There's all kinds of other fun things in this issue of The State. Regular features include excerpts from North Carolina newspapers, construction news, a roundup of odds and ends from the capital and "Merely a Woman's Opinion" by Carol Dare. I love seeing the text-heavy ads of this era, such as the one for Mt. Olive pickles, which crams more than 110 words into a 1-column, 5-inch space on Page 5 (including the product's motto, "They're Better!") And I'm intrigued by mention of a titanium plant being built in New Hanover, a story about Morehead City's emergence (real-estate promoters in the 1850s laid out "Carolina City" west of Beaufort Inlet to capitalize on the construction of a new railway, but the new terminus actually ended up near where Gov. John Motley Morehead owned 600 acres) and a little thing that speculates U.S. 421 might be extended from Fort Fisher to Baldhead Island and subvert talks about a Fort Fisher-Southport ferry.

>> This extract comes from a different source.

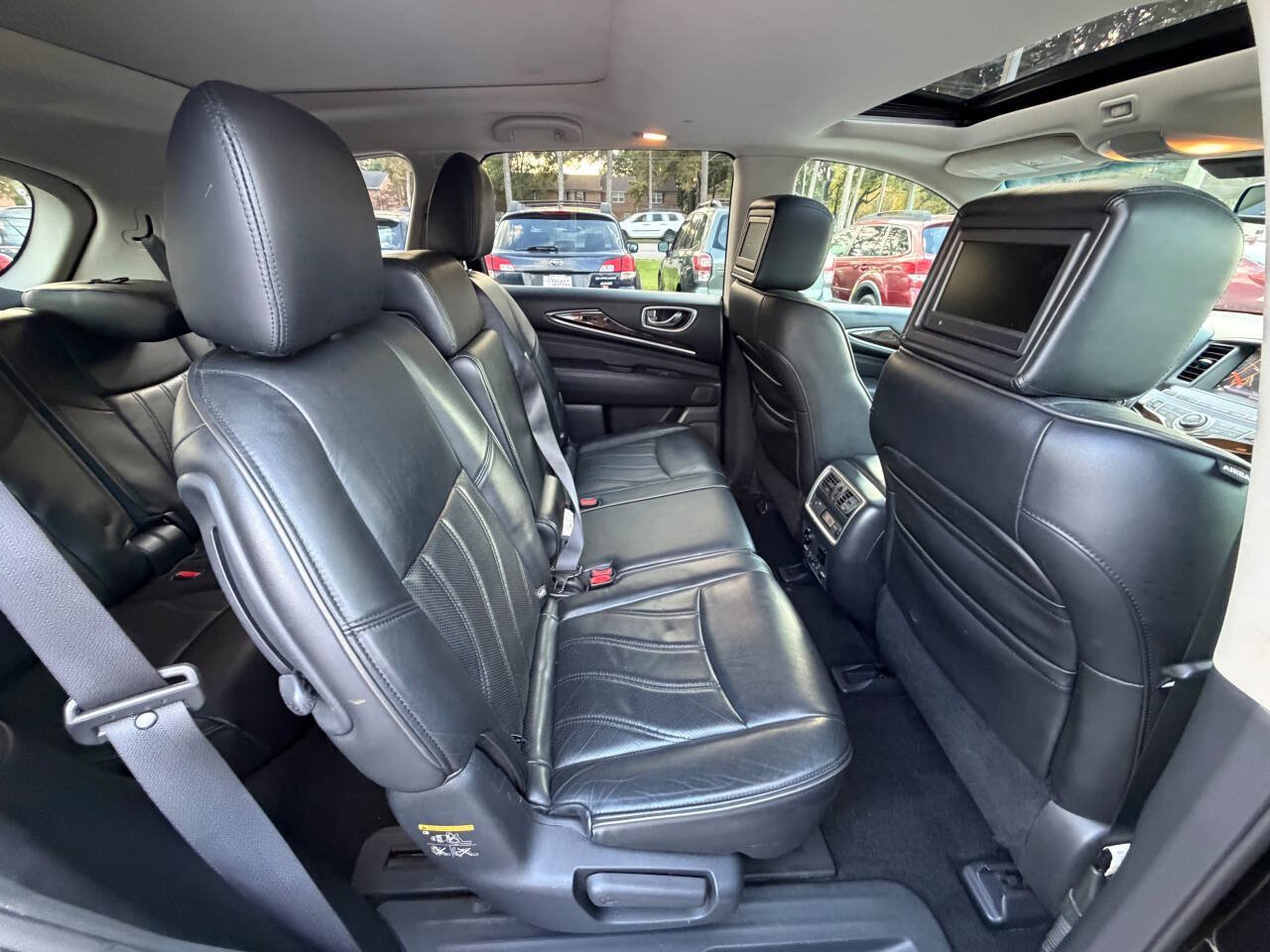 Used 2015 INFINITI QX60 Luxe w/ Deluxe Touring Package AWD/4WD image 11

I find everything in The State so lively and optimistic. It believes in North Carolina, and it makes the reader believe, too.

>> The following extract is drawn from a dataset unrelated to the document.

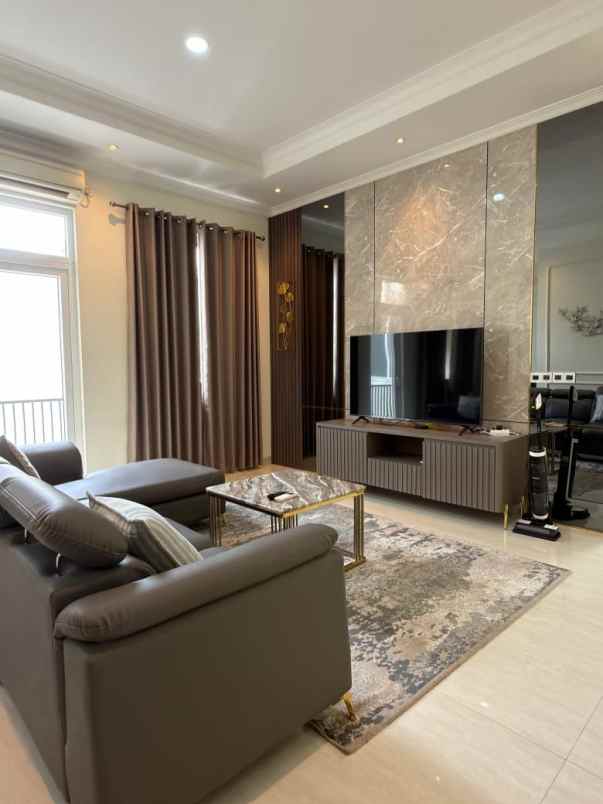 dijual rumah imperial golf pakuwon indah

Here's one last thing from this 1957 issue, from Page 17 and by a contributor named C. Sylvester Green: "Louis Graves and his Chapel Hill Weekly have brought to North Carolina a type of journalism that is rapidly and sadly disappearing from the American scene. It is that kind of personal journalism in which the reader knows the editor as a person, most often as a personal friend and feels that he is writing to him as well as about him and his fellows. This style of journalism must be kind and absolutely fair. It must be accurate, and yet perhaps not tell the whole story. But no limitations are put upon it that good writing, decency, and concern do not demand. That the writing is almost always local, and when foreign is interpreted in local terms, makes it a dependable, quotable kind of journalism that readers enjoy, and the other editors like to quote. Most of all Louis Graves has made his columns throught he years the depository for thoughts on true culture, wide knowledge, basic understanding of people, what they like and what they feel. This means much in the development of a community, and cultivates a pattern by which the community gains an individuality, a distinctiveness."

So all of this from The State gave me a lot to think about on vacation in terms of The Heath Post.